Je suis un joueur très nostalgique. Non pas dans le « c’était mieux avant », mais dans cette recherche incessante de retrouver mes sensations qui m’ont fait aimé ce medium. L’un de ces jeux qui m’a profondément marqué durant ma jeunesse, ce fut Oblivion. Si j’avais seulement effleuré cette sensation avec Morrowind, c’est vraiment le 4e épisode des Elder Scrolls qui m’a marqué au fer rouge et a obsédé mes nuits et mes journées de cours. Cette sensation de me perdre dans un univers, de vivre des émotions à travers mon avatar et d’obséder mes journées au point de parcourir des forums à la recherche des théories, explications et autres récits de joueurs.

Une simple écoute de la B.O d’Oblivion et me voilà transporté vers d’autres lieux.

C’est ce que je recherche depuis à chaque fois que je lance dans un nouveau jeu. Et croyez-le, ce ne sont pas BG3 et autres prétendants au GOTY dans lesquels j’ai enfin pu retrouver cette sensation que je cherche tant. Mais bien des jeux “bien, mais sans plus” pour beaucoup, voir archaïque et anachronique. Dread Delusion et Lunacid, fiers représentants de la mouvance low-poly Playstation qui secoue la scène indé depuis quelque temps m’ont fait retomber en amour avec ces RPG simples, sans fioritures et juste agréable à jouer. Des jeux où on se surprend à jouer à l’ancienne, à l’instinct, sans forcément suivre de wikis et autres guides, histoire d’avoir la meilleure fin ou de ne pas louper de succès. Une arme, quelques sorts, une vague idée de notre destination et un journal de quêtes un peu trop rigide. Est-ce que ce n’est pas ça, finalement la recette du bonheur ?

« Avowed représente quelque chose de positif. Une réponse à la folie qui dit que chaque jeu doit rapporter un milliard de dollars par semaine sinon il sera considéré comme un échec. Un témoignage du fait que les grands jeux continueront d’être réalisés tant qu’il y aura des gens qui voudront les faire.« 

On vit dans une darkest timeline où le moindre jeu, qu’il soit un échec, un succès commercial ou d’estime, voire les deux, est souvent suivi du licenciement brutal et sans préavis des équipes.
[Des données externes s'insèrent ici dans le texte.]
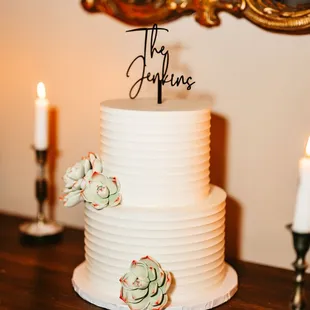 a wedding cake on a table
On ne compte plus les histoires déchirantes d’équipe de talents qui ont réussi parfois au prix de sacrifices et de semaines dantesque dans un development hell, à enfin sortir un jeu bon… pour se faire suriner par derrière dans une ruelle sombre quelques temps après. Est-ce qu’on ne devrait pas au contraire saluer ces petits miracles et ces moments de plaisir pour ce qu’ils sont ? De belles expériences voulue par des équipes qui ont respecté jusqu’au bout leurs promesses pour les joueurs ? Quand on sait qu’en face, certains pensent savoir ce que veulent les joueurs (spoiler non) et n’hésiteront pas à lâcher l’épée de Damoclès du layoff pour prouver leurs dires? Quitte à être élitiste, il ne faudrait pas se tromper de cible dans nos critiques.